Exercise aim: Transcribe exactly the lines that fall between the one holding "Metros Sneakers" and the one holding "andorra58: Andorra la", inclusive, from the entries below.

Stored data

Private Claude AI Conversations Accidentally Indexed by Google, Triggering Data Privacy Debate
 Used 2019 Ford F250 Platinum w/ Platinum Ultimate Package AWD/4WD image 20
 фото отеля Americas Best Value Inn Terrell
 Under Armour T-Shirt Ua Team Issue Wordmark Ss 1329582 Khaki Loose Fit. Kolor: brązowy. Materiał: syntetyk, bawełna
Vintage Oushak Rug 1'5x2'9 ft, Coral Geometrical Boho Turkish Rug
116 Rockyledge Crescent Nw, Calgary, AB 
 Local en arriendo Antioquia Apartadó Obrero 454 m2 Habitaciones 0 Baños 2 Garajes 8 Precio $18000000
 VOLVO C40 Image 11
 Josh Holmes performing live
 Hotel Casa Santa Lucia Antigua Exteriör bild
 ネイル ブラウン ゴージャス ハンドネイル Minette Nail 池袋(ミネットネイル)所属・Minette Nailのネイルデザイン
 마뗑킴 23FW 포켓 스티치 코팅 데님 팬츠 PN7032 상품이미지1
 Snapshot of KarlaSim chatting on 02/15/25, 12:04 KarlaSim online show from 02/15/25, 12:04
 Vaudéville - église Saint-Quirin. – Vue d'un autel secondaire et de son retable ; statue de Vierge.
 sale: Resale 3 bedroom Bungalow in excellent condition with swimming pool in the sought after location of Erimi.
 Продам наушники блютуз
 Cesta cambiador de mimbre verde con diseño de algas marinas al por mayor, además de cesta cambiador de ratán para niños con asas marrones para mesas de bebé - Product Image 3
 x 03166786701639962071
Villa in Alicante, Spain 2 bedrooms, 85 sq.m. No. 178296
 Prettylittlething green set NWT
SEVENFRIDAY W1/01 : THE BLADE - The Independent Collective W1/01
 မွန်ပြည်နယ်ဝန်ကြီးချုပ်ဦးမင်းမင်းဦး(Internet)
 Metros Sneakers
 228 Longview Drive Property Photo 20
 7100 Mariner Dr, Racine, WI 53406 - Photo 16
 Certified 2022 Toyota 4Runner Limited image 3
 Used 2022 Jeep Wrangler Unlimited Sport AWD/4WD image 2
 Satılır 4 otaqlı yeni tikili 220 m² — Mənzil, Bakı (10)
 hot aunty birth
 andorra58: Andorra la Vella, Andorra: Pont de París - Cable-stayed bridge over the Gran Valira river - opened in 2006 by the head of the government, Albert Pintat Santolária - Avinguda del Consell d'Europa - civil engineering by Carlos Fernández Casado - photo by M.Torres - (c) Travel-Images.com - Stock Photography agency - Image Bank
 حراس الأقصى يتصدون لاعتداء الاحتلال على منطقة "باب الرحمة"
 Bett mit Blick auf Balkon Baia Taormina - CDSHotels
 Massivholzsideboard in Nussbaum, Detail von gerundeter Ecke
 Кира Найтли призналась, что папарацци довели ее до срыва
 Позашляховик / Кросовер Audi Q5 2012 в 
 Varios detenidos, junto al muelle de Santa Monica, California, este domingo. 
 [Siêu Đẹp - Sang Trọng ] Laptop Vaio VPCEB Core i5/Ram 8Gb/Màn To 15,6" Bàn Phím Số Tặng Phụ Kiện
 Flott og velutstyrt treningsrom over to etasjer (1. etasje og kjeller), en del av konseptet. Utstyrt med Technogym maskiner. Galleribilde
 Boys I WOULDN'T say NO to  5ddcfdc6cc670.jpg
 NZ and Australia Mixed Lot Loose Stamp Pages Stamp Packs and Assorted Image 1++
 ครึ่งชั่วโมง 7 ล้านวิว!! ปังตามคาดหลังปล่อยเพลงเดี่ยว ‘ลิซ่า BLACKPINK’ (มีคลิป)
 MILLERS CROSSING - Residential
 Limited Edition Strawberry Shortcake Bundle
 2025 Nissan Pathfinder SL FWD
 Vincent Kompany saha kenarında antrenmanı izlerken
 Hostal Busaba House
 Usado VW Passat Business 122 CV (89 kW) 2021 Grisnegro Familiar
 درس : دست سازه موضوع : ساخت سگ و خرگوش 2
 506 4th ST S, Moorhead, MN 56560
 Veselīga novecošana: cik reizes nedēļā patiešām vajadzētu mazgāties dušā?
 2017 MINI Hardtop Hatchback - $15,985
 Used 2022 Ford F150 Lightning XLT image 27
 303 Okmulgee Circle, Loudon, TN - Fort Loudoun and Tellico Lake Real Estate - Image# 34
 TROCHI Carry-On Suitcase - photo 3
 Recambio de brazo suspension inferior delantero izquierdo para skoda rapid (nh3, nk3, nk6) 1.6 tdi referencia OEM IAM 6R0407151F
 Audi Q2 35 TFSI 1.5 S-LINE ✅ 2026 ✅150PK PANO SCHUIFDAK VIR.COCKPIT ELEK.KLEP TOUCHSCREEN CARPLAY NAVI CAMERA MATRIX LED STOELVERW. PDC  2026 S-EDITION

Answer section:
 Metros Sneakers
 228 Longview Drive Property Photo 20
 7100 Mariner Dr, Racine, WI 53406 - Photo 16
 Certified 2022 Toyota 4Runner Limited image 3
 Used 2022 Jeep Wrangler Unlimited Sport AWD/4WD image 2
 Satılır 4 otaqlı yeni tikili 220 m² — Mənzil, Bakı (10)
 hot aunty birth
 andorra58: Andorra la Vella, Andorra: Pont de París - Cable-stayed bridge over the Gran Valira river - opened in 2006 by the head of the government, Albert Pintat Santolária - Avinguda del Consell d'Europa - civil engineering by Carlos Fernández Casado - photo by M.Torres - (c) Travel-Images.com - Stock Photography agency - Image Bank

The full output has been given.